WORK INSTRUCTION
The output should be the listing below, limited to the lines from the one with "Каким был самый" through the one with "Margi Jolly Beauti Lux Apartamento Szczecin", exact and without pictures.

RECORDS SHOWN
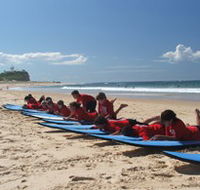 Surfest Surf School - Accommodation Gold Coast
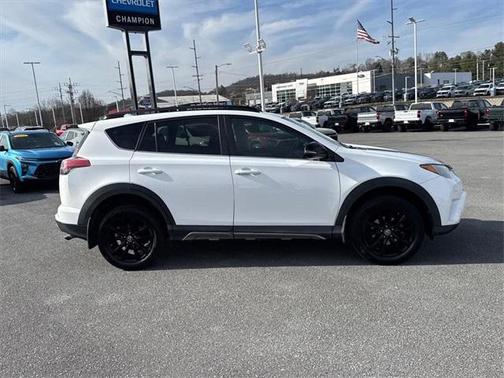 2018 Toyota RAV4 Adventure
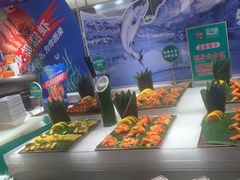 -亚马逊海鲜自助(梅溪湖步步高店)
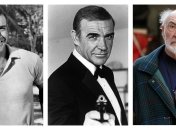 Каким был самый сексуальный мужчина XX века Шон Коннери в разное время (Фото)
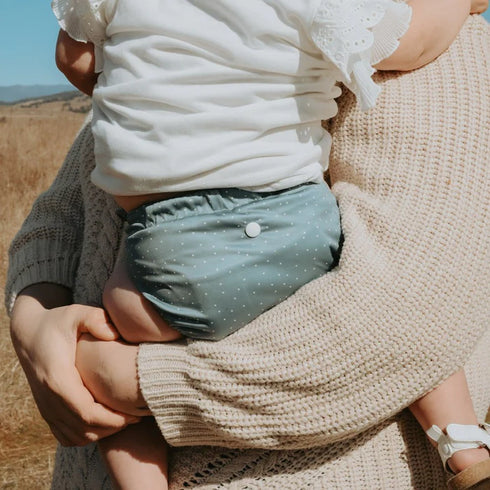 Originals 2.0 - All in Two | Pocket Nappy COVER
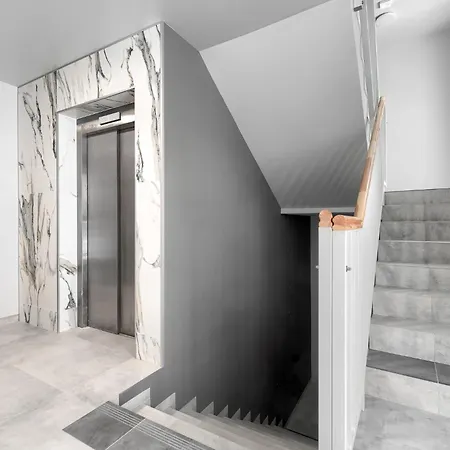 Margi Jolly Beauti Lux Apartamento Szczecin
...
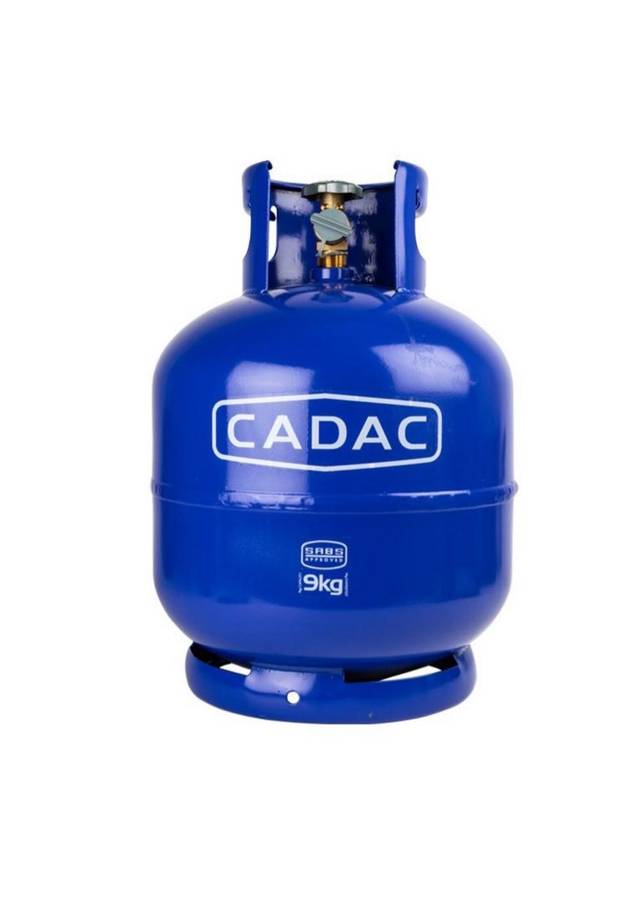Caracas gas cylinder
---
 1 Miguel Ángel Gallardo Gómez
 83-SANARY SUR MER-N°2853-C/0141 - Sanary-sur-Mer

SOLVED PROBLEM
 Каким был самый сексуальный мужчина XX века Шон Коннери в разное время (Фото)
 Originals 2.0 - All in Two | Pocket Nappy COVER
 Margi Jolly Beauti Lux Apartamento Szczecin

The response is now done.